Definitions

from The American Heritage® Dictionary of the English Language, 5th Edition.

  • noun An injury to an organism, especially one in which the skin or another external surface is torn, pierced, cut, or otherwise broken.
  • noun An injury to the feelings.
  • intransitive verb To inflict wounds or a wound on.
  • intransitive verb To inflict wounds or a wound.

from The Century Dictionary.

  • To hurt by violence; cut, slash, or lacerate; injure; damage: as, to wound the head or the arm; to wound a tree.
  • Figuratively, to cause injury or harm to; specifically, of persons, to hurt the feelings of; pain.
  • To inflict hurt or injury, either physically or morally.
  • Preterit and past participle of wind.
  • noun In surgery, a solution of continuity of any of the tissues of the body, involving also the skin or mucous membrane of the part, caused by some external agent, and not the result of disease.
  • noun In medical jurisprudence, any lesion of the body resulting from external violence, whether accompanied or not by rupture of the skin or mucous membrane—thus differing from the meaning of the word when used in surgery.
  • noun A breach or hurt of the bark and wood of a tree, or of the bark and substance of other plants.
  • noun Figuratively, injury; hurt; harm: as, a wound given to credit or reputation, feelings, etc.: often specifically applied in literature to the pangs of love.
  • noun Plague.
  • noun In heraldry, a roundel purpure.

from the GNU version of the Collaborative International Dictionary of English.

  • imp. & p. p. of wind to twist, and wind to sound by blowing.
  • transitive verb To hurt by violence; to produce a breach, or separation of parts, in, as by a cut, stab, blow, or the like.
  • transitive verb To hurt the feelings of; to pain by disrespect, ingratitude, or the like; to cause injury to.
  • noun A hurt or injury caused by violence; specifically, a breach of the skin and flesh of an animal, or in the substance of any creature or living thing; a cut, stab, rent, or the like.
  • noun Fig.: An injury, hurt, damage, detriment, or the like, to feeling, faculty, reputation, etc.
  • noun (Criminal Law) An injury to the person by which the skin is divided, or its continuity broken; a lesion of the body, involving some solution of continuity.
  • noun (Zoöl.) an elongated swollen or tuberous gall on the branches of the grapevine, caused by a small reddish brown weevil (Ampeloglypter sesostris) whose larvæ inhabit the galls.

from Wiktionary, Creative Commons Attribution/Share-Alike License.

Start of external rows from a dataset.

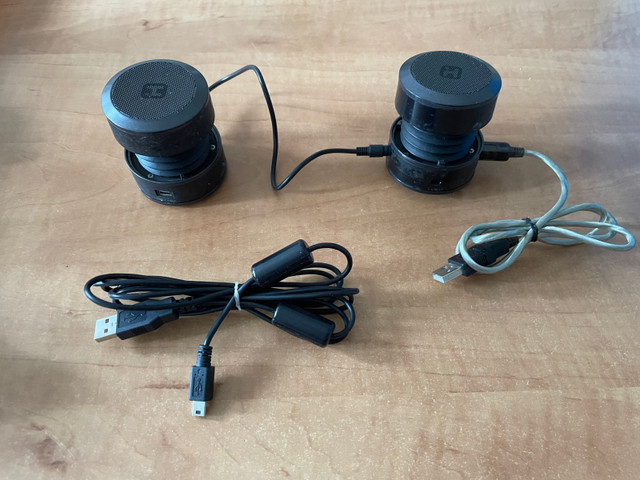 Ihome wireless bluetooth speaker  in Speakers in La Ronge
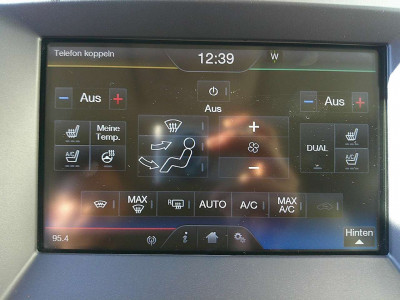 Ford Galaxy Gebrauchtwagen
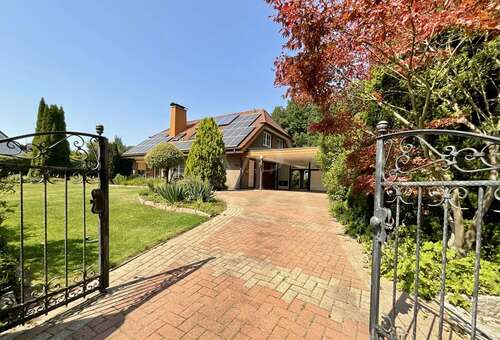 Foto - Haus zum Kaufen in Wennigsen Wennigser Mark 599.000,00 € 200 m²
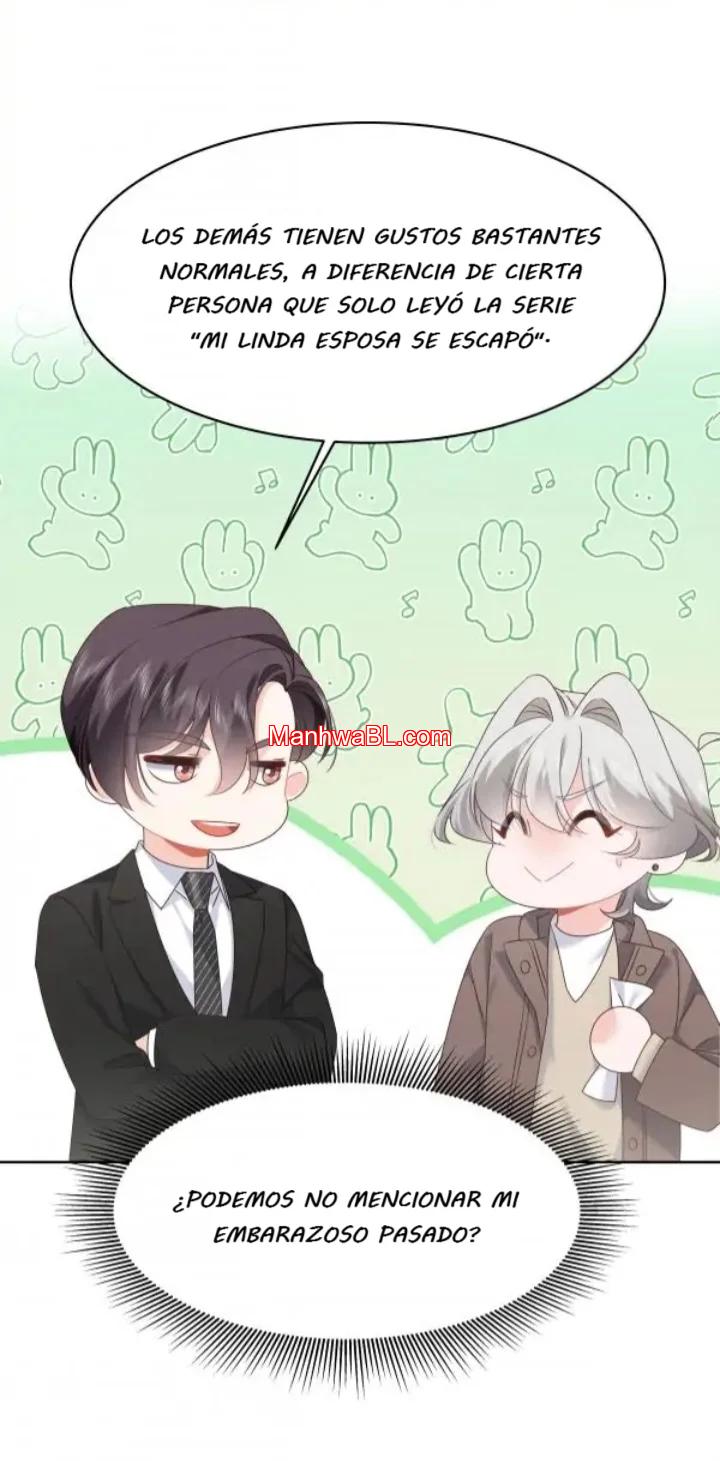 El Principe Escolar es una Chica - Capítulo 409 2 manhwa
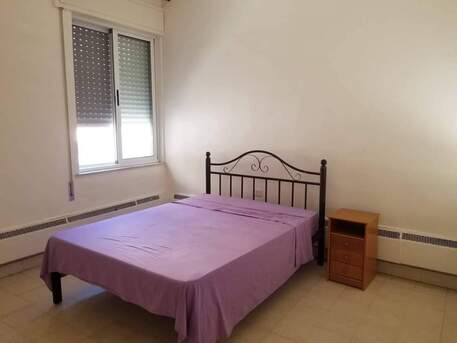 Amman, Apartments/Houses, JOD 15000/year,  Furnished,  4 BR,  Hertige Fully Furnished 4B Apartment With Baconly In Jabal Webdeh 00962777688956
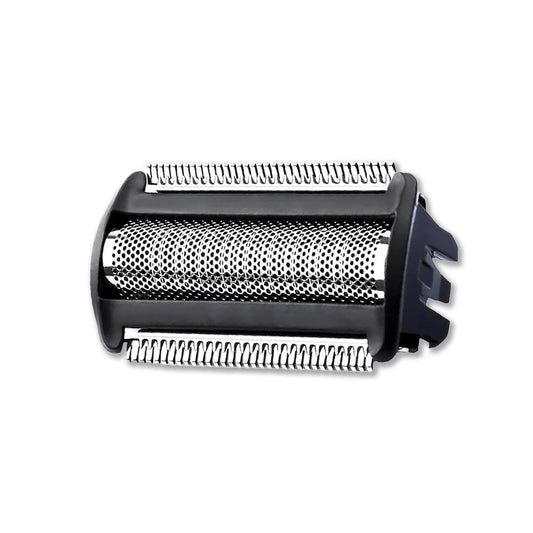 BG2000 Replacement Heads for Philips Norelco Bodygroom Series 7000, 5000, 3000, Replacement Foil Shaver Head Compatible with BG7030 BG7040 BG5025 BG2040 BG2030 BG2020, Wet & Dry Use, 1 Pack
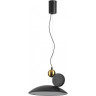 Подвесной светильник ODEON LIGHT TRAVERTINO 6626/20L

  • verb Simple past tense and past participle of wind.
  • noun An injury, such as a cut, stab, or tear, to a (usually external) part of the body.
  • noun figuratively A hurt to a person's feelings.
  • noun criminal law An injury to a person by which the skin is divided or its continuity broken.
  • verb transitive To hurt or injure (someone) by cutting, piercing, or tearing the skin.
  • verb transitive To hurt (a person's feelings).

from WordNet 3.0 Copyright 2006 by Princeton University. All rights reserved.

  • noun a figurative injury (to your feelings or pride)
  • noun the act of inflicting a wound
  • verb hurt the feelings of
  • noun an injury to living tissue (especially an injury involving a cut or break in the skin)
  • noun a casualty to military personnel resulting from combat
  • adjective put in a coil
  • verb cause injuries or bodily harm to

Etymologies

from The American Heritage® Dictionary of the English Language, 4th Edition

[Middle English, from Old English wund; see wen- in Indo-European roots.]

from Wiktionary, Creative Commons Attribution/Share-Alike License

See wind (Etymology 2)

from Wiktionary, Creative Commons Attribution/Share-Alike License

Noun from Old English wund, from Proto-Germanic *wundō. Verb from Old English wundian, from Proto-Germanic *wundōnan. Indoeuropean cognates include Albanian unë ("piece of a broken pot, splinter").